# ? About Clipping Dairy Buck



## mdlopez (Feb 4, 2013)

Ok, I feel like this is a stupid question, but I have looked all over and found everything else about clipping a buck but nobody says whether you clip their jewels!?! The closest I could find is that you clip them "like a doe except for their beard", so since you clip the doe's udder, do you also clip the buck's package? (I'm being careful not to say something that gets removed. )

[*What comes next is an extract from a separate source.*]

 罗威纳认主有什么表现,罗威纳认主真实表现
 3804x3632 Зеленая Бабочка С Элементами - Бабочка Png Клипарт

I know he won't like it, but I really don't want to show up at a show with a buck who has hairy privates (he's a Nigerian Dwarf) if all the other boys are smooth. At least the buck is only a year old and small enough to manage... for now! I'm glad you are all goat people and understand!


----------



## Dani-1995 (Mar 11, 2011)

I'm just sitting in for replies... never thought about this before now!


----------



## 8566 (Jul 18, 2012)

I don't
There's nothing on the scorecard for seeing/judging his jewels.


----------



## mdlopez (Feb 4, 2013)

Thanks, Elizabeth. I thought about calling you to ask the question directly, but decided to post it instead. Someone else may be wondering the same thing.


----------



## Paige (Oct 14, 2010)

The hair on their parts is generally very short, I just clip well on the inside of the legs/around the teats carefully, that will be plenty


----------